There is a problem with just choosing something like 3n^2 to compare different algorithms which is that in reality different machines will have different ways of implementing algorithms meaning that '3' could be a '2' or a '10' on some other machine. In our case there were three steps in the inner loop but we ignored all the operations like +,* etc so that 3 in 3n^2 could be completely different in reality. If you wanted to get that specific you really would need to look at the architecture of the processor you intend on using. Although the '3' is arbitrary, the n^2 is not and I doubt there's a processor in the world which can turn that n^2 into an 'n' or a constant. But the n^2 is all you need to understand how the running time of the algorithm grows as n becomes large. Luckily for us, when you're comparing two time complexities on different orders, e.g. one has an n^3 leading term and the other has an n^2 leading term, you are guaranteed that past some value of n, regardless of all the constant factors, the time complexity containing the n^3 will become be on top.
A more formal way of saying 'on top' is that our function of a higher power of n will be an 'upper bound' of the function with the lower power. This is where big O notation comes in. We say that t(n) ϵ O(f(n)) if there is some constant C and some value L for which C*f(n) > t(n) for n > L.
For the t(n) we obtained above: 3n^2 + 3n + 4. We can say this is an element of O(n^2). Because if you said f(n) = n^2 and then gave it a constant factor like 4 then after some value of n it's always going to be above t(n). If we gave it a factor of 3 that 3n+4 would stop our f(n) from being an upperbound, so that extra n^2 in 4n^2 covers those smaller terms as we know n^2 will get larger than 3n+4 as n becomes large. Here's a graph showing this:
You might be thinking 'surely I can just say f(n) = n and make C so big that C*f(n) will always be an upper bound for t(n), which makes this whole big O notation pointless!'. I know that's what I thought when I started learning about big O notation, but the fact is that no matter how large you make your value of C, the function with the higher order will always end up on top, the only thing that's going to change is the value of L.
Let's see if we can say that our t(n) ϵ O(n) when we say f(n) = n and C = 1000 i.e. we have 3n^2 + 3n + 4 competing against 1000x.
Looks convincing, but let's zoom out:
BAM. Looks like here, L is ~330. What matters is that with a larger leading term, coefficients do not matter for large values of n.

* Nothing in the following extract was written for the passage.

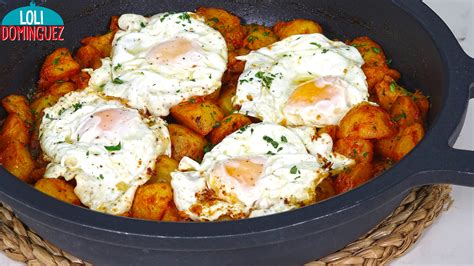 Ingredientes para patatas con huevo y pimentón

The second thing you might be thinking is the converse of this: can't we just choose our f(n) to be stupendously large meaning we end up with something like t(n) ϵ O(n^n^n^9001). Well yes, we can. It's completely within the definition of our big O notation, but that doesn't make it very useful to say. Big O notation started off in mathematics and has been translated to computer science but I don't think in mathematics they were particularly concerned in whether the C*f(n) was the least upper bound of t(n), all they cared was that after some point n=L, C*f(n) was an upper bound. In practice, we do want to express our time complexity function t(n) as an element of the set of all functions with the same approximate rate of growth for large values of n, but in theory, big O notation is more about expressing our t(n) as an element of the set of all functions which are eventually bounded by C*f(n). So when I say 3n^2 + 3n + 4 is an element of O(n^2) I really mean it just grows in the same way that n^2 does for large values of n, even though I'm theoretically allowed to say it's also an element of O(n^10).

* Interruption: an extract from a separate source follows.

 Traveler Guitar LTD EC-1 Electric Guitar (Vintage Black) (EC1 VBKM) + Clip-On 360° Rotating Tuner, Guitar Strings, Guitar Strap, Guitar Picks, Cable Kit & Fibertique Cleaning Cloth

For our algorithm with the nested loop, we would say its complexity is O(n^2) (i.e. its time complexity function can be bounded by n^2 times some factor). For a single loop we would say its complexity is O(n). Let's look all the common complexity 'classes', in order of increasing complexity:
constant O(1)
logarithmic O(logn)
linear O(n)
superlinear O(n*log(n))
(also known as linearithmic which is a blend of linear and logarithmic)
quadratic O(n^2)
polynomial O(n^c)
exponential O(2^n)
factorial O(n!)
O(1) applies to any algorithm whose running time is independent of the input e.g. some algorithm like 'PrintTimeOfDay' which doesn't even take input, or an algorithm which adds two values a and b.

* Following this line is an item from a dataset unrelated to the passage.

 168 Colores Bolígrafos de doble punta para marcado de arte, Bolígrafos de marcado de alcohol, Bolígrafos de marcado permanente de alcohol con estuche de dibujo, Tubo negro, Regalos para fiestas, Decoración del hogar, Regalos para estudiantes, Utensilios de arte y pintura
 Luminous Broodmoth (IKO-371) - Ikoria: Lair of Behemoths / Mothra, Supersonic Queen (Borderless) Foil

O(logn) shows up in divide-and-conquer algorithms where with each recursion/loop you're breaking down the size of the problem by a constant factor. In a binary search, that factor is 2. Worst case scenario, you don't even find the target, meaning you halved the number of elements in your sublist until you got to one element and then you worked out the element isn't the one you're searching for. Let's say you start off with n=16 elements and you're searching for an element like '1' when the lowest in the sorted list is '2':
We started with n=16 elements and got k=5 loops. If we had started with just the 8 elements there would have been one less loop i.e. k=4. And with 4 elements we'd end up with k=3. The relationship here is that n=2^(k-1). Rearranging this we get k=log2(n)+1. This is a pretty good basis for a time complexity function t(n), because the nuts and bolts of the algorithm will only contribute to smaller terms and some constant factors e.g. maybe each full loop cost 5 steps meaning our t(n) would be 5*log2(n)+1. But clearly the leading term here is log2(n) so we can say that t(n) ϵ O(log2(n)). But above, the complexity class which divide and conquer applies to is just O(log(n)) and doesn't include the base 2. Why is this? Because you can convert between any two logarithms with different bases simply using different constant factors (and constant factors are discarded in big O notation).
To prove this I'll say loga(n)=C*logb(n) where a and b are different bases and C is some constant. We can divide both sides by logb(n) to get:
loga(n) = C
logb(n)
and using some log law whose name I've forgotten, we say:
loga(n) = logb(a)
logb(n)
so logb(a) = C. Let's go back to the original equation and substitute that in:
loga(n)=C*logb(n) --> loga(n)=logb(a)*logb(n)
and we know that a and b were just arbitrary bases so logb(a) is an arbitrary constant (it doesn't depend on n) so we've proven that the only difference between two logs with different bases is a constant factor. So we don't need to bother including the base when we express the complexity in big O notation because big O notation doesn't care about constant factors.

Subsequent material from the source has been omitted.